*** SUPPLIED ENTRIES ***
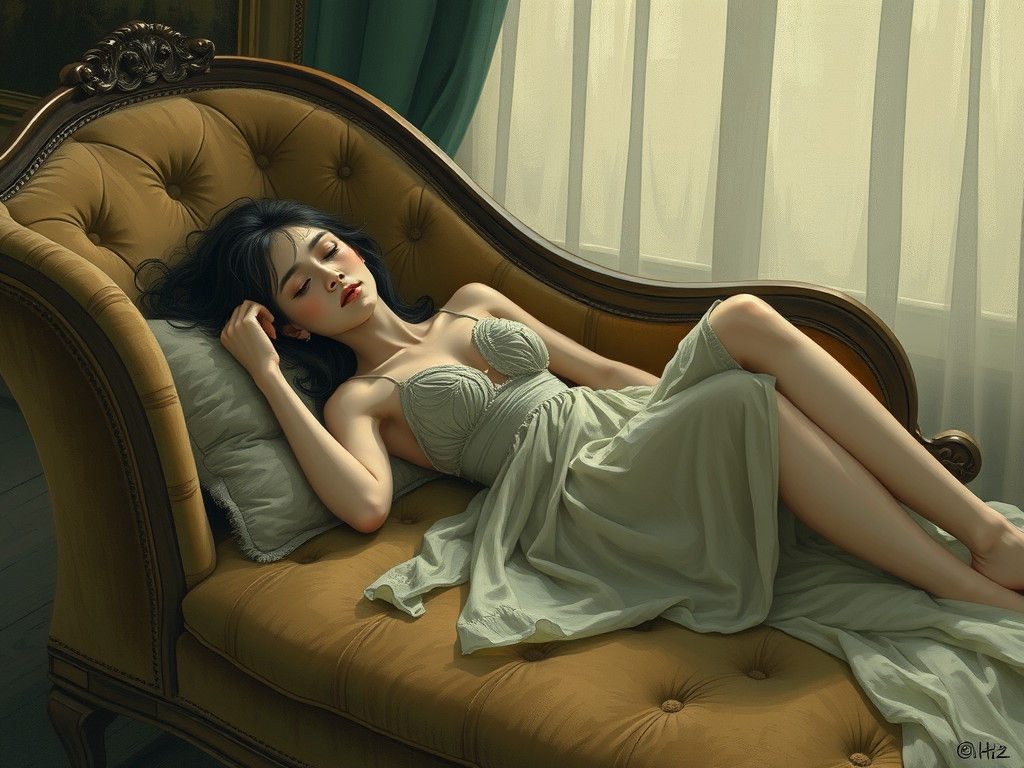 Melancholic Woman in Dreamlike Illustration Style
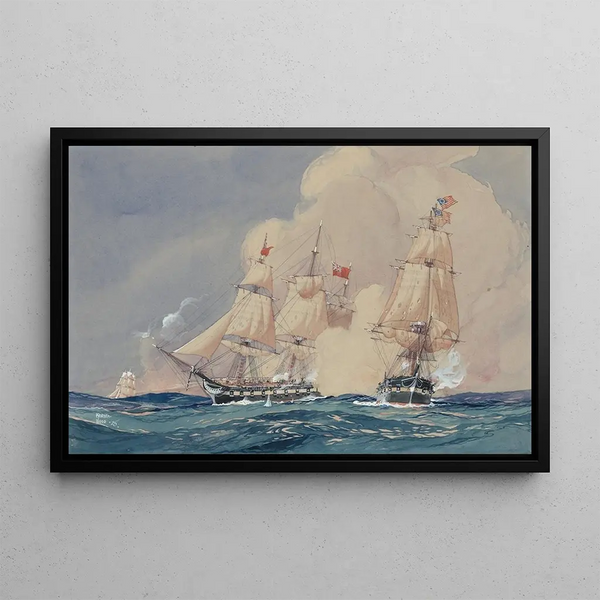 the Capture of the brigantine Fox by the American Hancock, May 28, 1777 - Worden Wood — framed artwork on a wall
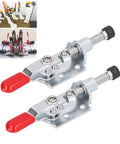 Heavy Duty Push Pull Toggle Clamp Set For Woodworking And Welding Jigs, 2 Pack Hand Tool Clamps with red handles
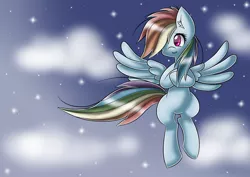 Size: 1024x723 | Tagged: safe, artist:kikuthefoxofficial, derpibooru import, rainbow dash, pegasus, pony, cloud, colored pupils, cute, ear fluff, female, flying, hair over one eye, mare, night, night sky, sky, solo, spread wings, stars, wings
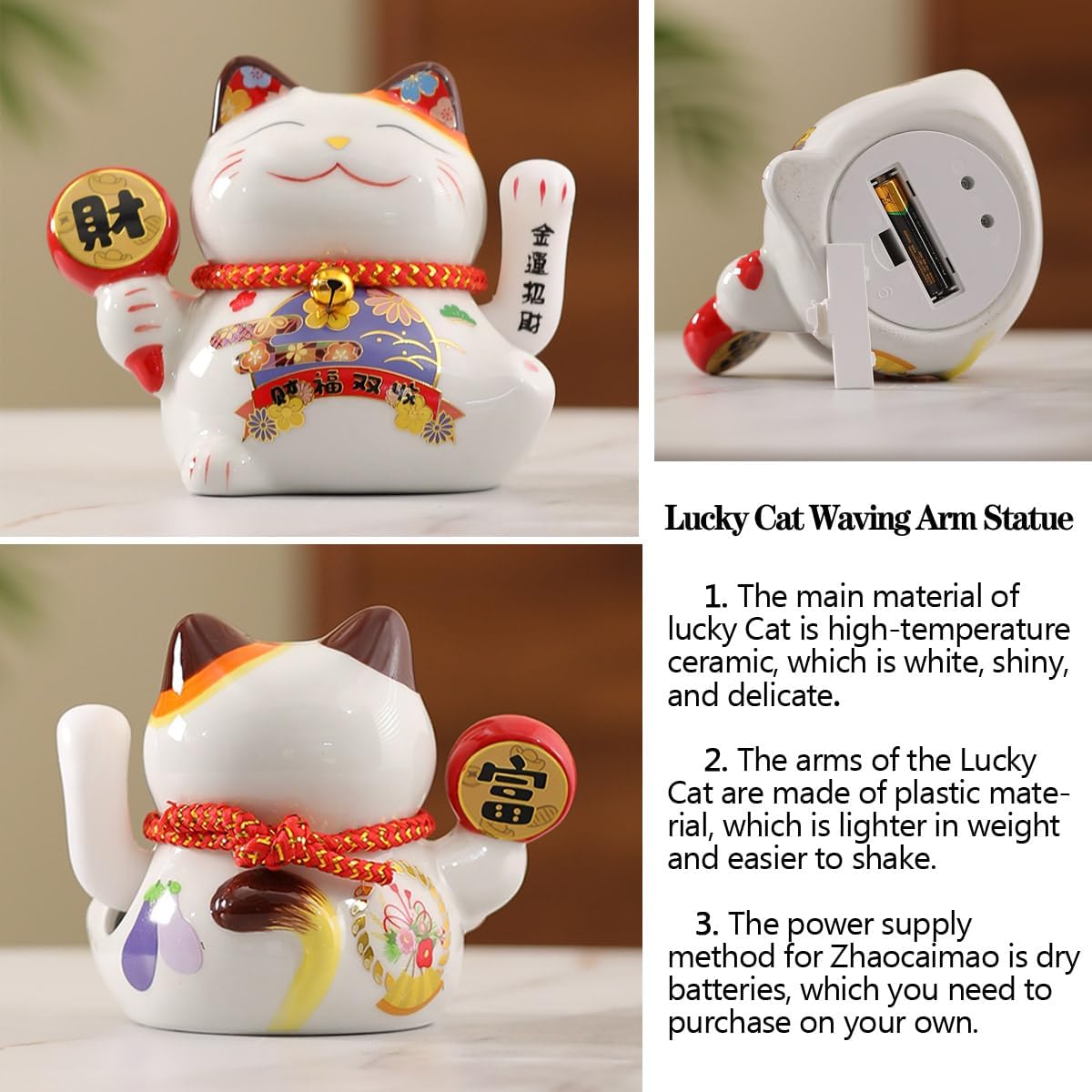 Ceramic Tabletop Waterfall Fountain with Maneki Neko Figurine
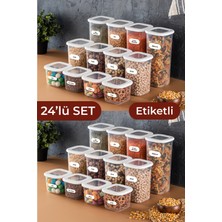 Vienev Etiketli Foly Kare Erzak Saklama Kabı 24'lü Set 8x(0,55 Litre, 1,2 Litre, 1,75 Litre) Beyaz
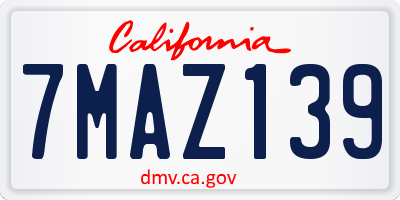 CA license plate 7MAZ139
***
EXERCISE: I would like you to retype exactly the lines running from the one containing "Vienev Etiketli Foly" to the last line of the entries, both included, leaving all pictures out.

RESULT:
 Vienev Etiketli Foly Kare Erzak Saklama Kabı 24'lü Set 8x(0,55 Litre, 1,2 Litre, 1,75 Litre) Beyaz
 CA license plate 7MAZ139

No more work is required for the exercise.